On January 14, 2014, the D.C. Circuit issued its opinion in Verizon v. FCC (News - Alert), finding that the FCC’s Open Internet (i.e., network neutrality) rules prohibiting broadband providers from discriminating against third-party content and prohibiting the blocking of third-party content, exceed the FCC’s authority under the Communications Act because it aimed to impose typical common carriage requirements on broadband providers.
While largely taking the teeth out of the FCC’s Open Internet rules, the Court also found that the FCC has authority over broadband Internet services under Section 706 of the Telecommunications Act, which directs the FCC to encourage broadband deployment on a reasonable and timely basis and take steps to accelerate broadband deployment when such deployment is lagging. This conclusion might prove useful if the FCC attempts to revise its Open Internet rules or decides to take other measures to foster broadband deployment.
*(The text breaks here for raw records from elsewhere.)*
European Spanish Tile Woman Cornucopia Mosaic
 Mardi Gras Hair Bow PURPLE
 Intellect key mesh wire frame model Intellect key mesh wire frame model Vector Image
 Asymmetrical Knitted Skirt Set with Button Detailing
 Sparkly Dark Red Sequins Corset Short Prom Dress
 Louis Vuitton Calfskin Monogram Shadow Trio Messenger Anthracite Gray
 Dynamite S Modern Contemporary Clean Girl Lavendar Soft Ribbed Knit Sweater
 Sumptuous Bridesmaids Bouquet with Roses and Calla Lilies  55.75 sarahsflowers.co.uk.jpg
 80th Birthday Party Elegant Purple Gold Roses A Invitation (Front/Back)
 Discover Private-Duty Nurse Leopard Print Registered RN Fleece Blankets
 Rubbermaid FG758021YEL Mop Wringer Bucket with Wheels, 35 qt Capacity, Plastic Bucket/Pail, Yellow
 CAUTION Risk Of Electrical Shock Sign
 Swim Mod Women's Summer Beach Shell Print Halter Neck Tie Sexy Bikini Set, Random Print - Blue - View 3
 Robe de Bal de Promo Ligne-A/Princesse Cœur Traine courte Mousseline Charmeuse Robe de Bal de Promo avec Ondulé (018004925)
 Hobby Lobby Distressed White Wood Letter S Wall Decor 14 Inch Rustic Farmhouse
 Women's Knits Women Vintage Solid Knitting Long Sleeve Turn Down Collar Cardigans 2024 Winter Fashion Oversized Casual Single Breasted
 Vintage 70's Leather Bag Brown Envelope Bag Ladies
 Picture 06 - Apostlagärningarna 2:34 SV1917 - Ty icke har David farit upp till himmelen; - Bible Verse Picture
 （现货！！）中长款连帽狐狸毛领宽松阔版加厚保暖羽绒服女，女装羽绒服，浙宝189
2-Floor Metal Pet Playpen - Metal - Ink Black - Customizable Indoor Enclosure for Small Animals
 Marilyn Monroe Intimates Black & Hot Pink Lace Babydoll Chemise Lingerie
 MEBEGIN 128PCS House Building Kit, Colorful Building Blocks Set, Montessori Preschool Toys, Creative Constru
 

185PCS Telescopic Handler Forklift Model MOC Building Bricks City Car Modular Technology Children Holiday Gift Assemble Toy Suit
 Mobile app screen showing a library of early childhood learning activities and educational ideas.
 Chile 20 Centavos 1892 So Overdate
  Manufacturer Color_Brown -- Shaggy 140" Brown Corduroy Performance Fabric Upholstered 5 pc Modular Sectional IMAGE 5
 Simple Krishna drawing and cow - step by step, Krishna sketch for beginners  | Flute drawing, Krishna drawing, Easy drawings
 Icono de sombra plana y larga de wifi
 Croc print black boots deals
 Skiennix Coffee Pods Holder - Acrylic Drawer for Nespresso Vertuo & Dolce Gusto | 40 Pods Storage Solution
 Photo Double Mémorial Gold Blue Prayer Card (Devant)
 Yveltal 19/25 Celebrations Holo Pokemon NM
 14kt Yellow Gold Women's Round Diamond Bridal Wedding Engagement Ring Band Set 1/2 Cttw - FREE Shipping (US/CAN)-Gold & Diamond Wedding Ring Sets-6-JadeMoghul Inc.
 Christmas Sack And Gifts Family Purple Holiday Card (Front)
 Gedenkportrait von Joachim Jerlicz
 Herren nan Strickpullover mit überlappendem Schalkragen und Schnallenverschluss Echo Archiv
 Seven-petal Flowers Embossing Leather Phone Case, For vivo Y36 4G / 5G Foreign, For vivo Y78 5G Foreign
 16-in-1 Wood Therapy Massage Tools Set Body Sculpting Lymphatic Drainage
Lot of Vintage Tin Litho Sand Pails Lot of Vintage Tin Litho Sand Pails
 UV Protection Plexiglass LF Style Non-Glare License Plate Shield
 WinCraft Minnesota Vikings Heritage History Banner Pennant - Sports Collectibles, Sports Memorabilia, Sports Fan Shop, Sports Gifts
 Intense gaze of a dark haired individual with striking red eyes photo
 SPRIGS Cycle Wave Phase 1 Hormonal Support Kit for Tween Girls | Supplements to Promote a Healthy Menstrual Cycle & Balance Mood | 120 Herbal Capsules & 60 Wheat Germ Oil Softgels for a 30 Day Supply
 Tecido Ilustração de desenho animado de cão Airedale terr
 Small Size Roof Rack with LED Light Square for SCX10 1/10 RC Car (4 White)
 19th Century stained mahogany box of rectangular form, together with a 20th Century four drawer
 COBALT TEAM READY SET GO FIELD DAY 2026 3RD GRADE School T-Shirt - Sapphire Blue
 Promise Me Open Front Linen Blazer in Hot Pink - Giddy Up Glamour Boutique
The court also upheld the FCC’s “Disclosure Rule,” and hinted at the possibility that the FCC, on remand, might be able to adopt an anti-blocking rule that survives judicial review.
The court’s decision was largely a victory for Verizon (News - Alert) and other broadband providers that want more flexibility in the way they manage their networks and relationships with online services and content providers, end user customers, and other network operators. In a press release, Verizon stated that the decision will not change consumers’ ability to access and use the Internet as they do now, but will allow more room for innovation, and consumers will have more choices to determine for themselves how they access and experience the Internet. The FCC’s chairman released a statement that the FCC is considering all options, including an appeal.